Happy Thanksgiving, Americans.
I hope it's a good day for y'all!
I'm one of those people for whom the term 'family' also means 'relatives'. I'd trust my relatives to look after me, to be there for me, to help me out of a hole - even one of my own making, and not to cheat me out of anything that's mine.
I'm not sure if that makes me 'lucky' or not. I'm not really sure it matters, except that I do have "family" - ie. people I can count on - which I firmly believe everyone should have and I know so many people don't.
Our traditions at this time of year are simply: a Christmas with the extended family (relatives and orphaned friends), plenty of food and drink and conversation and laughter, a chance to catch up with the relatives we've lost touch with in the last year.
Oh, and opening presents together on Christmas morning, before we go anywhere for lunch (which is the big meal for us).
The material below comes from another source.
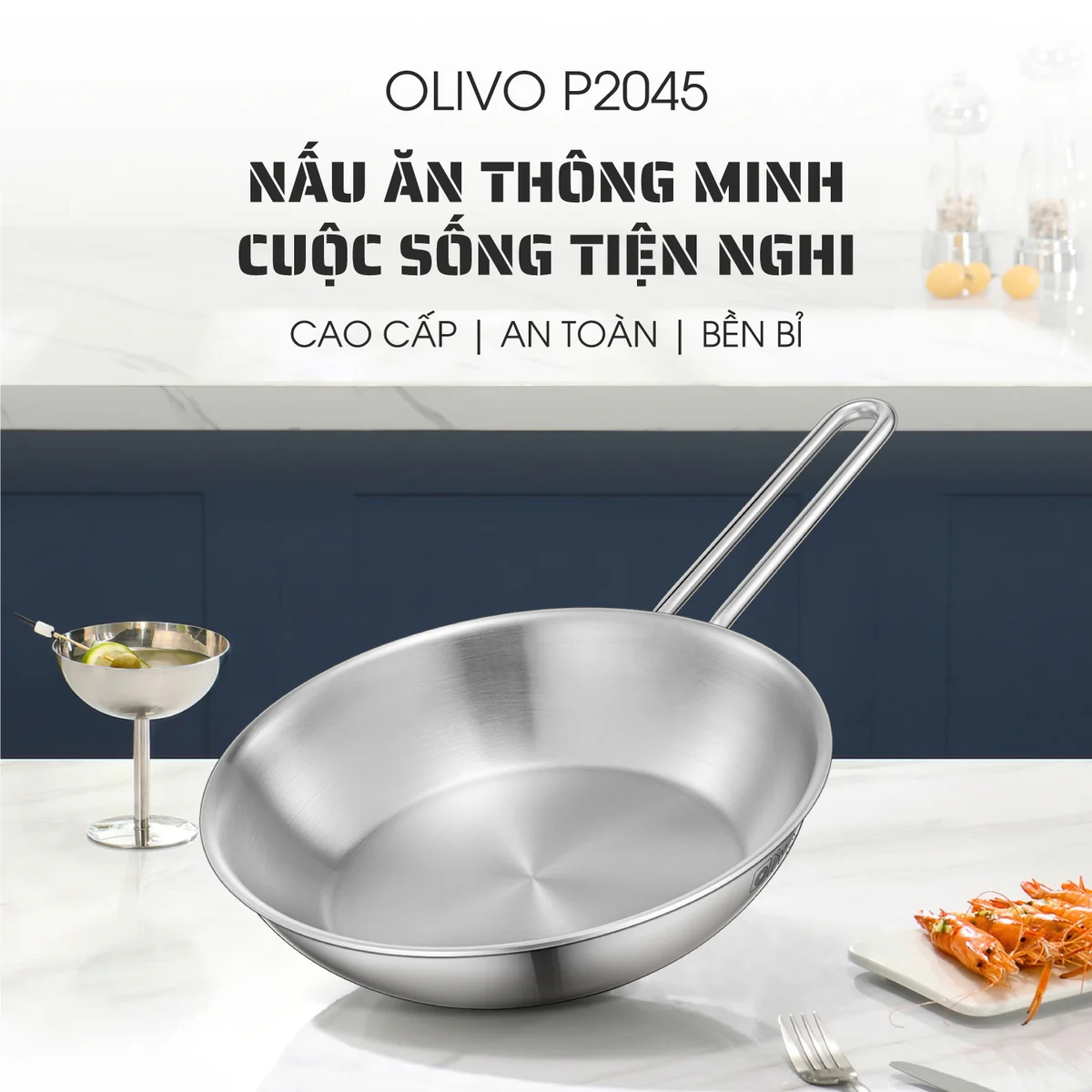 CHẢO INOX OLIVO P2045 – Chống Dính Tự Nhiên, Đáy 3 Lớp, Dùng Mọi Loại Bếp - Ảnh 2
That's going to be tricky this year since stepbro 1 and his g/f are going to be in China on big travel journey over Christmas. We'll do something when they get back, but I think the stepdad will feel it on Christmas morning.
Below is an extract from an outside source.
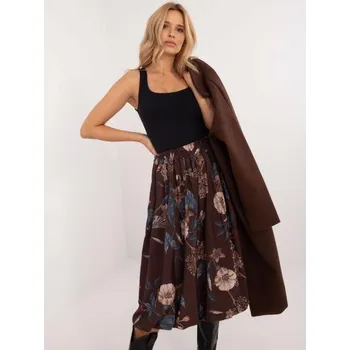 Dámská sukně Hnědá midi květovaná sukně bomber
Otherwise, there's the traditions of Potato Salad (sour cream, boiled eggs, mayo), and Pavlova (there's never enough for seconds and never any leftover), Smoked Salmon, Prawns, Mum's Ohmygod Noodles, and Way Too Much Ham For Everyone To Finish. But that's just food.
There's no Putting Up Of The Tree for us (the tree's already up...my sister didn't take it down last Christmas), or carolling or, really, anything particularly specific.
My aunt on my father's side wants us to go around to her place for Christmas Eve Lunch with that side of the family, and I'm going to see if I can swing the time. We're not close the way we are with my mother's side of the family, but they're good people, even if my uncle is not exactly a thrilling conversationalist. And they're family.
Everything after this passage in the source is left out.